The notoriously treacherous hurdles that Hong Kong telecommunications company i-Cable used to put in front of customers looking to unsubscribe from its internet and pay-TV services throughout the 2000s and early 2010s provide the premise of this Kafkaesque comedy-drama – an alternately hilarious and heartbreaking case of raging against the system.

Marking the feature directing debut of Mak Tin-shu, best known as the Hong Kong Film Award-winning screenwriter behind crime thrillers Trivisa and Detective vs Sleuths, Dog Day Evening reveals a flair for deadpan humour that might not be immediately obvious in his past scripts.
Loosely inspired by a 2014 incident in which a knife-wielding student caused a stand-off in i-Cable’s Tsuen Wan office over a cancellation dispute, the narrative sees aspiring filmmaker Tak (Yukki Tai, The Lyricist Wannabe) go berserk inside the customer service office of Happy TV after his demand to terminate his grandmother’s TV plan invites mockery from a jaded desk agent, Ringo (Michael Ning).
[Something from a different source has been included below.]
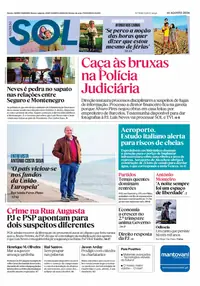 Capa do Nascer do SOL de sexta-feira, 14 de agosto de 2026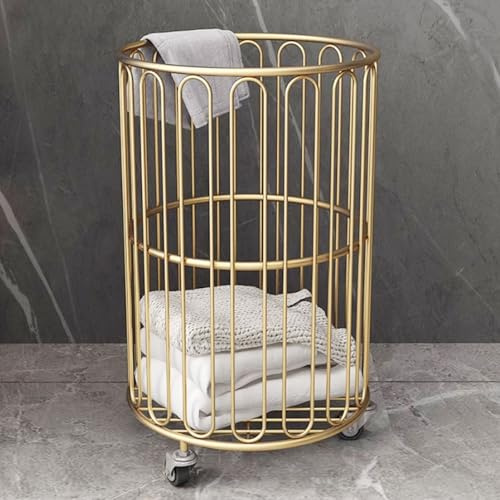 Metal Laundry Basket with Wheels, Gold Laundry Basket, Multifunctional Storage Basket, Round Wire Basket for Room, Bathroom, 32 * 32 * 54cm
《一個部門的誕生 Dog Day Evening》- 正式預告 Regular Trailer

When Tak grabs a gun dropped by an off-duty police officer (Mak Pui-tung of The Sparring Partner) trying to subdue him, the heated argument escalates into a full-blown hostage situation involving several other Happy TV employees and clients, who are all sympathetic to the young man’s contractual plight.